Talk Gets Under This Skin

Wednesday, September 5, 2007; Page E01

Clinton Portis celebrated his 26th birthday on the rooftop of the Kennedy Center on Saturday night. Mingling with the dignitaries were Ray Lewis and some of Portis's friends from the Ravens. "Nice, real nice," Portis said. The evening was an opulent gala befitting one of pro football's preeminent running backs, which is how Portis still sees himself.

But does anyone besides his immediate family feel the same way? The more he reads and hears, Portis wonders himself.


Clinton Portis, center, watched last month's preseason game against the Titans from the bench. He hasn't played in a game since November, and will share carries this year with Ladell Betts.
Clinton Portis, center, watched last month's preseason game against the Titans from the bench. He hasn't played in a game since November, and will share carries this year with Ladell Betts. (By Jonathan Newton -- The Washington Post)

"What I know and people think are so different," he said outside the Redskins' locker room in Ashburn on Monday. "I get hurt one time in my whole career by going out and trying to sacrifice" my body.

"Somebody else in this same position, going through the same thing, they glorify the guy. 'This guy played hurt. He comes back. He go down again.' It's a sob story. But being that it's me -- I don't know what they got against me. I don't know if it's personal. I don't know if they want to see me fail."

He paused and shook his head in disgust: "My feeling is, 'What the [expletive] do I got to prove to you?' "

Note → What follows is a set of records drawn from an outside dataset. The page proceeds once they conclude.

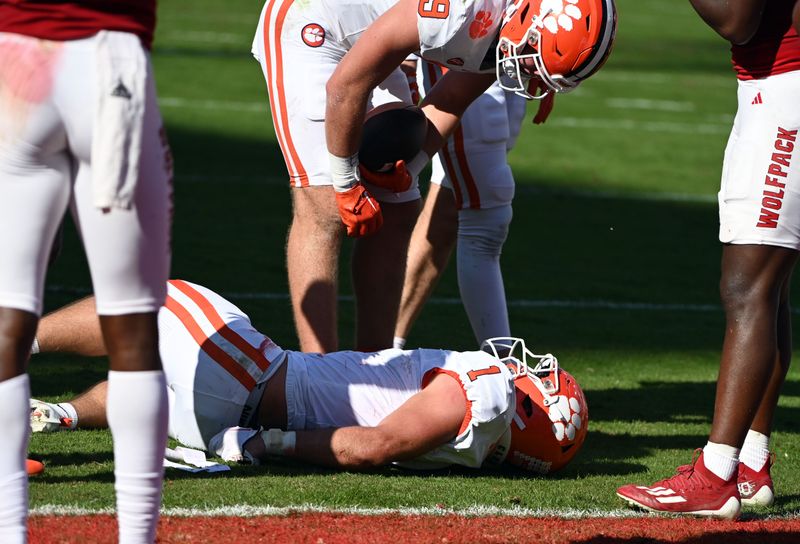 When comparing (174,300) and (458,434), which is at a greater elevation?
(174,300)

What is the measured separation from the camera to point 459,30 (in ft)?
14.3

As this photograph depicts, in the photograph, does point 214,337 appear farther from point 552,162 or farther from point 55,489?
point 552,162

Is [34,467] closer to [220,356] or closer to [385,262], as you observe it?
[220,356]

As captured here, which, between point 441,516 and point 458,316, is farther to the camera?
point 458,316

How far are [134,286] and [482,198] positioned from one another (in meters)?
3.13

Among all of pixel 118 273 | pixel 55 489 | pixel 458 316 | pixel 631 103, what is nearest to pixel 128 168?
pixel 118 273

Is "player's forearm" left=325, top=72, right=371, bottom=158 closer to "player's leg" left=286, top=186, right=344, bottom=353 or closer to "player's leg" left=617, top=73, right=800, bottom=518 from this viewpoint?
"player's leg" left=286, top=186, right=344, bottom=353

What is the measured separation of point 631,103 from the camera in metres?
17.6

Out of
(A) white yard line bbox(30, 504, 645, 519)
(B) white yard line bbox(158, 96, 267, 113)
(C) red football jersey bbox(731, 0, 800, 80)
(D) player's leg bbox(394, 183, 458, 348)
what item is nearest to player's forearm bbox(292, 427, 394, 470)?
(A) white yard line bbox(30, 504, 645, 519)

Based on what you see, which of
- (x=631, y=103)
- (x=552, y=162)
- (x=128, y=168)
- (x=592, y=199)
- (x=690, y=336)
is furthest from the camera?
(x=631, y=103)

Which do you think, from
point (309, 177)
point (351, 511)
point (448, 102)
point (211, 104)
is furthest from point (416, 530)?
point (211, 104)

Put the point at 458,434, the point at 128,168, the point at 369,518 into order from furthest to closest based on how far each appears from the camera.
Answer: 1. the point at 458,434
2. the point at 369,518
3. the point at 128,168

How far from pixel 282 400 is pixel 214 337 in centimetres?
32

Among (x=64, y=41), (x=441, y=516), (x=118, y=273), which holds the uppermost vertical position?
(x=64, y=41) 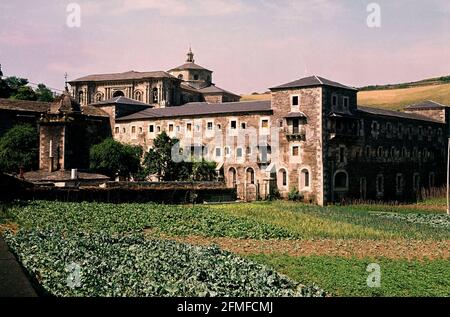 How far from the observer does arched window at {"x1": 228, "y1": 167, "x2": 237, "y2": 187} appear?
171 ft

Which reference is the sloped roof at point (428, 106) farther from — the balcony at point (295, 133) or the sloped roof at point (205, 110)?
the balcony at point (295, 133)

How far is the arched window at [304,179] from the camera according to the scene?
47.2 m

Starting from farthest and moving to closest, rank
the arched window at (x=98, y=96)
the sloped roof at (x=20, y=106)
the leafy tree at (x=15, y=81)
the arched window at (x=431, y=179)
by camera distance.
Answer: the leafy tree at (x=15, y=81)
the arched window at (x=98, y=96)
the arched window at (x=431, y=179)
the sloped roof at (x=20, y=106)

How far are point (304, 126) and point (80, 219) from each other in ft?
87.6

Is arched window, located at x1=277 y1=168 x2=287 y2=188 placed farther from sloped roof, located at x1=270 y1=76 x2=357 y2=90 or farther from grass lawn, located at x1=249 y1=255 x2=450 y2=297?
grass lawn, located at x1=249 y1=255 x2=450 y2=297

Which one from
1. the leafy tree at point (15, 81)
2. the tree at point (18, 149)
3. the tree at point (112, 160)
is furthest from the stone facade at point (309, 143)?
the leafy tree at point (15, 81)

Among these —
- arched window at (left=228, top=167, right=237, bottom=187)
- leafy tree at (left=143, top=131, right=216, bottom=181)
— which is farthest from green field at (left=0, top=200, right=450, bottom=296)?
arched window at (left=228, top=167, right=237, bottom=187)

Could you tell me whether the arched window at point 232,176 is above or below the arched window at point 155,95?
below

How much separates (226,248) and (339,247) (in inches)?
178

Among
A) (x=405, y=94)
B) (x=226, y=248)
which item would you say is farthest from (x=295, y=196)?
(x=405, y=94)

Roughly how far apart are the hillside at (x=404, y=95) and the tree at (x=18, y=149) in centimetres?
5426

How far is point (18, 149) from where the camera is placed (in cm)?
5028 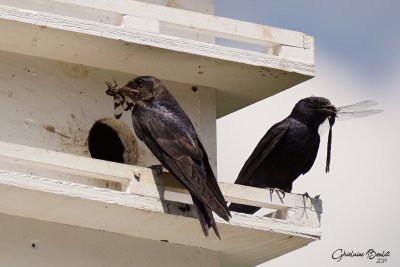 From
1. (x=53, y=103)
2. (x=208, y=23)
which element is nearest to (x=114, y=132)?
(x=53, y=103)

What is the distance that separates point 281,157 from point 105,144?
51.3 inches

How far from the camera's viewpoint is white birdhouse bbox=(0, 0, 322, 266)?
47.2ft

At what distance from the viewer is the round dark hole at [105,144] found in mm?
15797

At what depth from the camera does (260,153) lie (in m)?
16.0

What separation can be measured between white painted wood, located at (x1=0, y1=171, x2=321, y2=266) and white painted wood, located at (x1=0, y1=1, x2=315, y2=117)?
50.1 inches

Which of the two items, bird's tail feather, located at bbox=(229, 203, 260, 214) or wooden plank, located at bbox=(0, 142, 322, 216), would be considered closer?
wooden plank, located at bbox=(0, 142, 322, 216)

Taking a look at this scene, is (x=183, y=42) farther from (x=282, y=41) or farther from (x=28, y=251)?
(x=28, y=251)

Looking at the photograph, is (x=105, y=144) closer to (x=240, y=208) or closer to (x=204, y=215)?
(x=240, y=208)

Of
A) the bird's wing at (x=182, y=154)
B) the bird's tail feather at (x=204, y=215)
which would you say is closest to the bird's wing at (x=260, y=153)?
the bird's wing at (x=182, y=154)

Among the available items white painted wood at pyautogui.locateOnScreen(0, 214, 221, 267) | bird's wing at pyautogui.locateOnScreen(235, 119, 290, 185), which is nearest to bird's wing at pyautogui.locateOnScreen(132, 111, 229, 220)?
white painted wood at pyautogui.locateOnScreen(0, 214, 221, 267)

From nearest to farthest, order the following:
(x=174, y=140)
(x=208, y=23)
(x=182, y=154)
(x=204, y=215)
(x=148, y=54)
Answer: (x=204, y=215) → (x=182, y=154) → (x=174, y=140) → (x=148, y=54) → (x=208, y=23)

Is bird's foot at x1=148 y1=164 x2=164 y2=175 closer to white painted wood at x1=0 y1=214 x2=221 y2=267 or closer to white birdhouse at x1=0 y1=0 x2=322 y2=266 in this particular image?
white birdhouse at x1=0 y1=0 x2=322 y2=266

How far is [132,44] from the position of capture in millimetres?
15203

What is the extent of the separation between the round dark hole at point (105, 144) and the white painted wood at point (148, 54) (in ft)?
1.56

The camouflage is gone. For the moment, he's not hiding behind Southeast Jerome, Sheriff Gonna Getcha or any of his made-up alter egos from 2005, when he was last healthy. No humor mask. Portis hears the chatter about whether he is still the combustible back that has rushed for 6,453 yards and 52 touchdowns since his rookie year in 2002, and he doesn't like it.

Sports Illustrated listed its top 500 player rankings for 2007, in which Portis was deemed the 202nd most important player on an NFL roster. He was the 17th running back named, behind, among others, Frank Gore and a Buffalo rookie named Marshawn Lynch. Portis was ranked three spots ahead of Ladell Betts and 199 spots behind LaDainian Tomlinson, the NFL MVP with whom Portis said he compares statistically.

Did we mention Champ Bailey, the player traded to Denver for Portis, was No. 6? Peter King's comment: "Skins rue Bailey-for-Portis deal, big-time."

Yeah, it was one of those subjective, self-indulgent lists. But it got inside Portis's head.

"They got rookies ahead of me," he said. "I laugh about it because we're always looking for the next somebody. Besides LaDainian, besides Edgerrin [James], besides Shaun Alexander, there's nobody even close to my production."

Therein lies the divide: Portis sees himself 16 games away from snatching Tomlinson's MVP trophy. Meanwhile, Joe Gibbs said yesterday he expected Betts to see more of the early workload against the Miami Dolphins on Sunday than Portis, who will start the game.

The message was clear: If his body is not right, Portis can forget reemerging as a Pro Bowler; he might be the No. 2 back on his own team.